Huck bolts work differently to most other fasteners as they are installed via an industrial tool that provides a permanent result.

Huck bolts are a pin and collar combo that are swaged together. In the initial stages of the installation process, the Huck gun engages and pulls on the pin, the joint is pulled together before the conical shaped cavity of the nose assembly is forced down the collar. This progressively locks (swages) the collars into the grooves of the harder steel pin. The pin and swaged collar combine to form the installed Huck fastener.

The squeezing action reduces the diameter of the collar, increasing its length. This in turn stretches the pin, generating a clamp force over the joint.

Shear strength of Lock Bolts vary according to the material strength and minimal diameter of the fastener. By increasing the diameter or the grade of material, the shear strength of the fastener can be increased.

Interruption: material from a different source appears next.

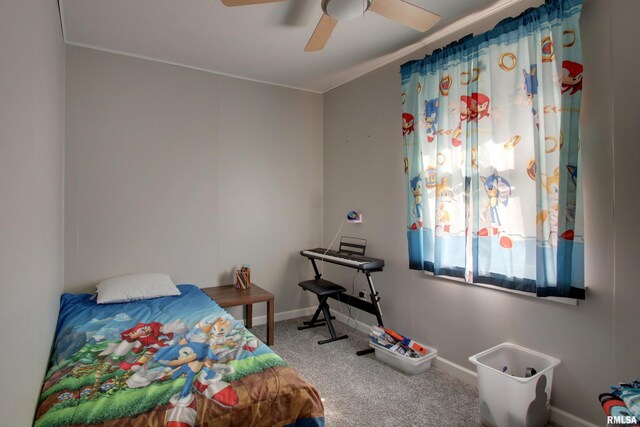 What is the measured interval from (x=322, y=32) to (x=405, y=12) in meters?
0.57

The tensile strength of LockBolts is dependent on the shear resistance of the collar material and the number of grooves it fills.

How Huck Rivets Work

Huck rivets are installed differently to Huck bolts, however the results are the same; a permanent vibration resistant fastener. These rivets are formed via a Huck gun pulling on the pin tail of the rivet and the sleeve either bulbing or expanding to lock itself into place. The sleeve, assisted by the permanently secured pin, therefore resists failure along its centre line.

1. Bulbing

The sleeve of the fastener is compressed, causing it to fold outwards to form a bulb. This forms itself tightly against the joint material. Once the pin is permanently locked into place the pintail will break off, completing the installation.

2. Expanding

Pulling on the pintail causes the head of the pin to draw into the sleeve. This expansion causes a foot print to form against the joint material.